Le previsioni sullo spread BTp-Bund a 10 anni fra i titoli di Stato italiani e tedeschi in vista del possibile avvio della procedura per debito eccessivo contro l’Italia. Antonio Cesarano, Chief Global Strategist di Intermonte SIM, evidenzia due scenari operativi

Spread BTp-Bund: due scenari operativi, procedura UE in primo piano

A poche ore dalla chiusura borsistica di giugno, si possono tirare le prime somme sull’andamento mensile del rendimento della carta italiana, di quella tedesca e dello spread BTp-Bund.

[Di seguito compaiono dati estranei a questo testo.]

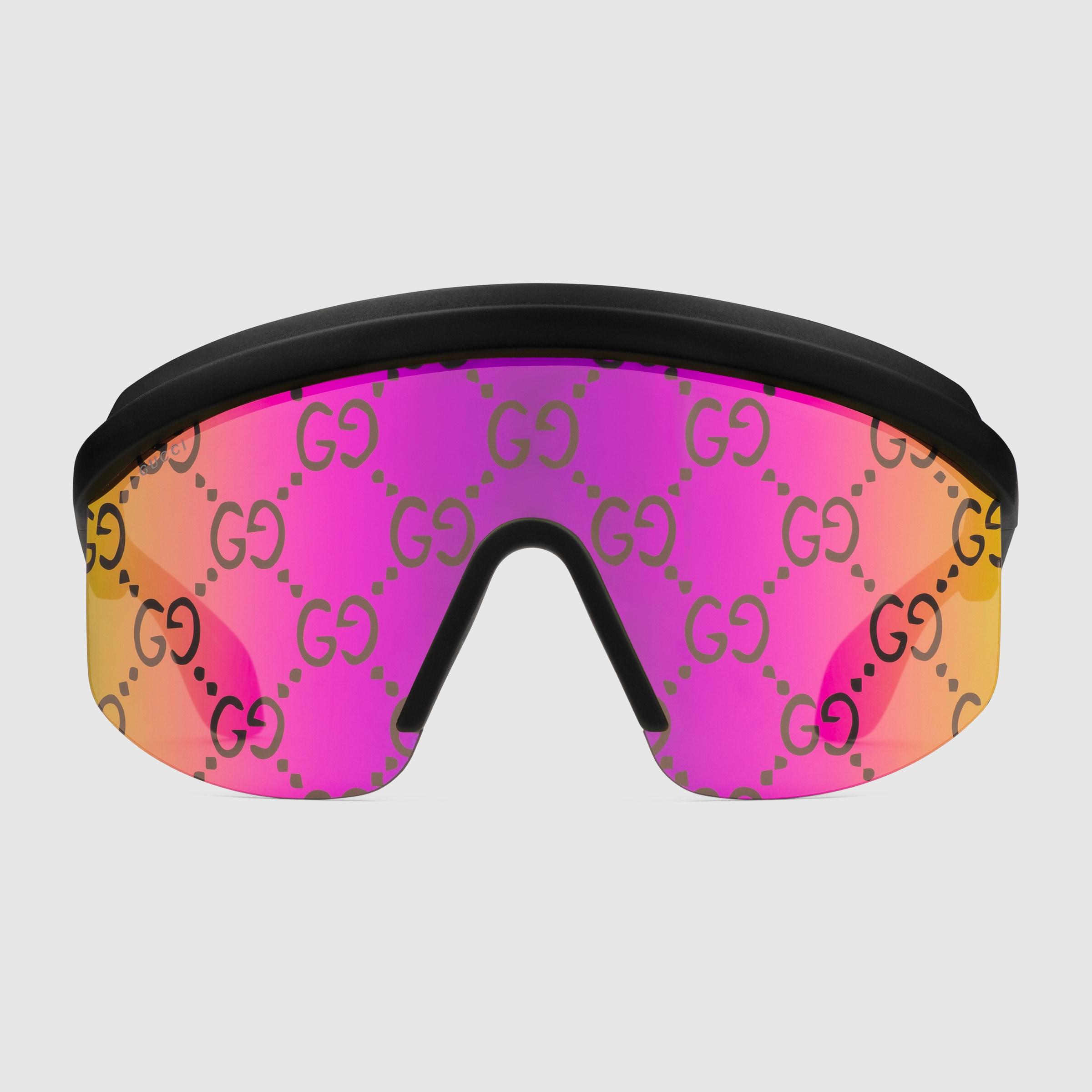 Gucci Mask Frame GG Sunglasses in Pink | Lyst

Partendo dai singoli rendimenti dei due decennali, la possibilità di ulteriori manovre espansive messe in campo dal Presidente della BCE, Mario Draghi, ha messo gli yield in condizione di portarsi ai minimi da un anno per quanto riguarda i bond governativi italiani, e di segnare nuovi minimi storici, al -0,336%, per il Bund tedesco a 10 anni.

Lo spread BTp-Bund ne ha beneficiato, transitando verso i livelli più bassi dall’aprile 2019.

BTp e spread: come comportarsi nei mesi a venire?

Antonio Cesarano, Chief Global Strategist di Intermonte SIM, suggerisce un atteggiamento di cautela sulla carta italiana. Il focus è la diatriba Italia-UE, su cui si aprono due scenari:

  • No alla procedura di infrazione: è possibile tornare all’acquisto di BTp dopo il 2 luglio (distensione dello spread tra BTp e Bund);
  • Sì alla procedura di infrazione con 6 mesi per riallineare i conti: i tassi potrebbero arrivare al 2,70%, se ciò dovesse accadere, si potrebbe rientrare in acquisto dopo il 20 luglio (crescita dello spread tra BTp e Bund).

In generale, Cesarano afferma che l’impostazione di fondo è “favorevole alla prosecuzione del trend ribassista dei tassi BTP, anche nel caso della procedura con sei mesi di tempo”.

Il Chief Global Strategist di Intermonte SIM fornisce poi una strategia sui titoli di Stato italiani, secondo la quale converrebbe attendere la decisione della Commissione europea del 2 luglio e, in caso in cui la procedura di infrazione non venga avviata, sfruttare la ripresa della dinamica decrescente sulla carta italiana.

Se invece il procedimento venisse avviato, si potrebbe attendere un ritorno degli yield del decennale verso area 2,50-2,70% per provare a riprendere gli acquisti di titoli di Stato del Belpaese, tenendo conto anche delle possibili tensioni tra gli operatori per il giudizio dell’agenzia di rating DBRS del prossimo 12 luglio.

Una seconda entrata potrebbe poi essere valutata nel caso di overshooting, puntando ad un riassorbimento dei timori degli operatori anche in vista della chiusura della finestra per le elezioni anticipate (20 luglio 2019) e della riunione della BCE del prossimo 25 luglio.

Antonio Cesarano si sofferma anche sulle aste dei titoli di Stato di ieri, che confermano un atteggiamento positivo degli investitori, che sono “disponibili ad aumentare l’esposizione sui Btp ma per ora con estrema accortezza. In altri termini occorre avere chiarezza sul tema procedura sul debito”.